▶ [Data excerpts]
········

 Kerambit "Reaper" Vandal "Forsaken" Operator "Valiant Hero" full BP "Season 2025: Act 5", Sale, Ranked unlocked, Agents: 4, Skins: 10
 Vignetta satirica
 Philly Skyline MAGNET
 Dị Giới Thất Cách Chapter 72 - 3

········

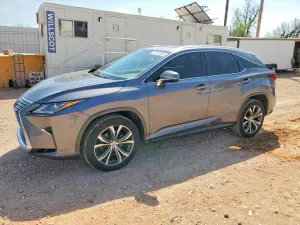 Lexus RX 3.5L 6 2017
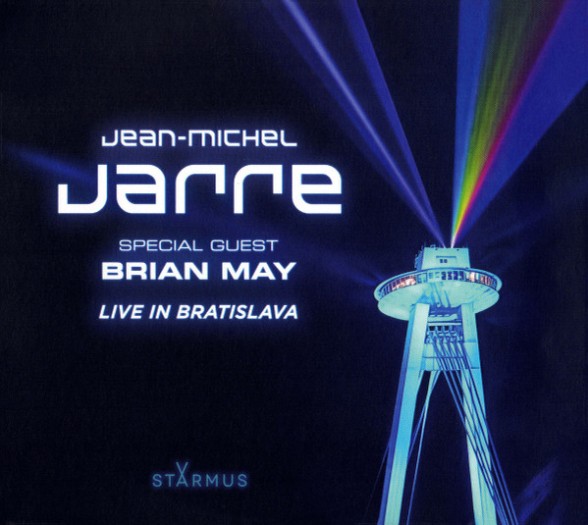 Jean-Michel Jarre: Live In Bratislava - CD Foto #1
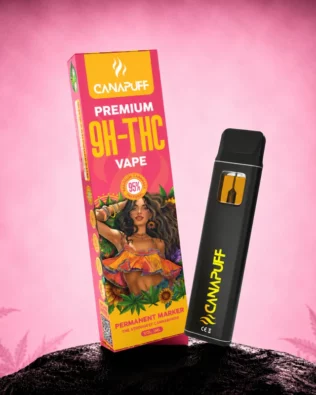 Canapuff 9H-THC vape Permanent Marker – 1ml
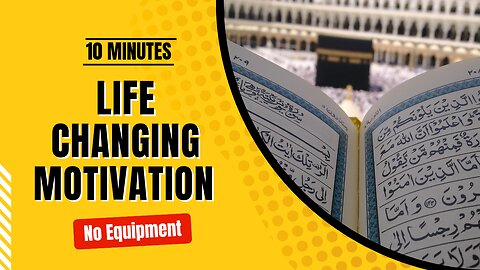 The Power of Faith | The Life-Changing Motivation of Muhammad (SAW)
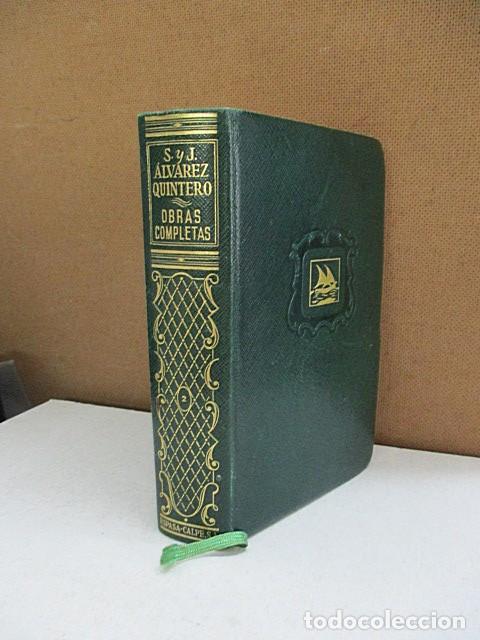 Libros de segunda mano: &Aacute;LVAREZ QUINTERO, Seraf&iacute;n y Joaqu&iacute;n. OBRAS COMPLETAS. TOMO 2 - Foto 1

········

With the line holding "Vignetta satirica" as the first and the line holding "Dị Giới Thất Cách Chapter 72 - 3" as the last, set down that range of the entries above exactly, and nothing else.

▶ [Solution to this task]
 Vignetta satirica
 Philly Skyline MAGNET
 Dị Giới Thất Cách Chapter 72 - 3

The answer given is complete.